Tuesday, August 1, 2023

It's About Anti-Anti-racism

 In a sense, anti-antiracism is its own ideology. It holds that racism directed at minorities is largely a thing of the past; that whatever racism does exist is a product only of individual hearts and not of institutions and systems; that efforts to ameliorate racism and promote diversity are both counterproductive and morally abhorrent; and, most critically, that those efforts must not only be stopped but also rolled back.

Listen to conservative rhetoric on book banning, affirmative action, teaching history or any of the ways race touches their war on “wokeness,” and you hear this theme repeated: We must stop talking and thinking about racism, and most of all we must stop trying to do anything about racism.



For some people, “opposition to antiracism is a way of expressing racial animus without explicitly endorsing it,” Wetts said. For others it’s about “distaste, anger and frustration with antiracists themselves,” an expression of revulsion against liberals and everything they want to do.
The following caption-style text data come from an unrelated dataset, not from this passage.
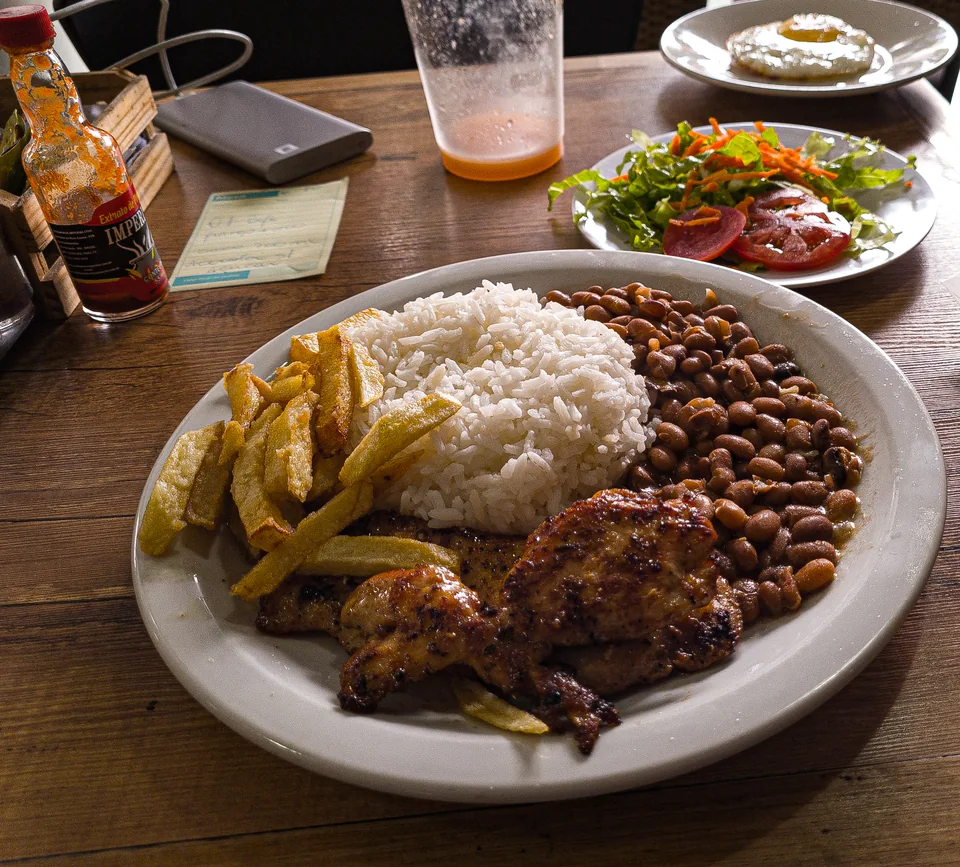 Prato de arroz, feijão e frango grelhado sobre uma mesa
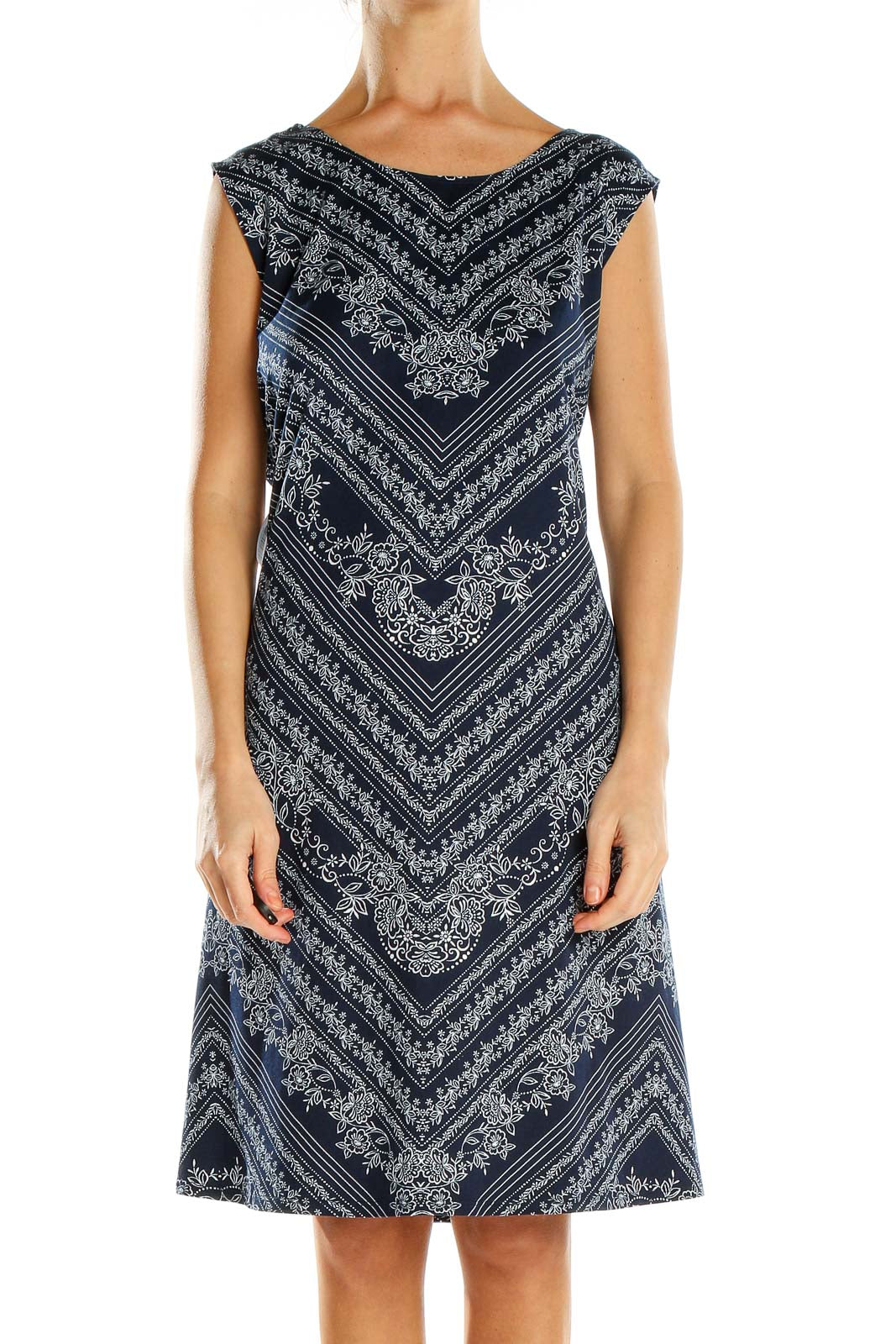 Front view of Nine Britton Navy Floral Paisley Chevron Midi Dress on model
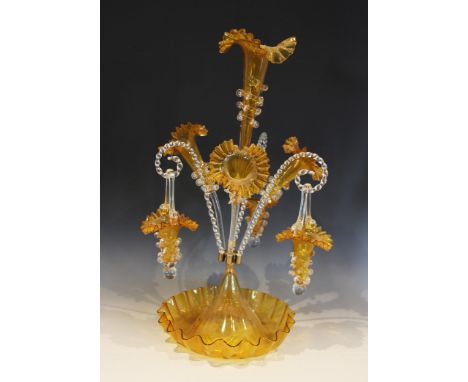 A yellow glass epergne of typical form, with central trumpet over three lower trumpets, and three canes supporting hanging ba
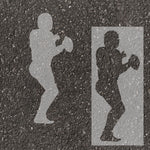 Football quarterback silhouette stenciled on pavement with matching stencil.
Anti-antiracism is one more way to own the libs.

Feelings have become central to the way conservatives think about race; it’s no accident that many of the laws regarding critical race theory passed in conservative states explicitly outlaw discussions in schools that could make students feel “guilt” or “discomfort.” Anti-antiracism is fueled by White people’s unease with the growing diversity of American society, the knowledge that they’ve lost their dominant position — and to boot, liberals keep trying to make them feel bad.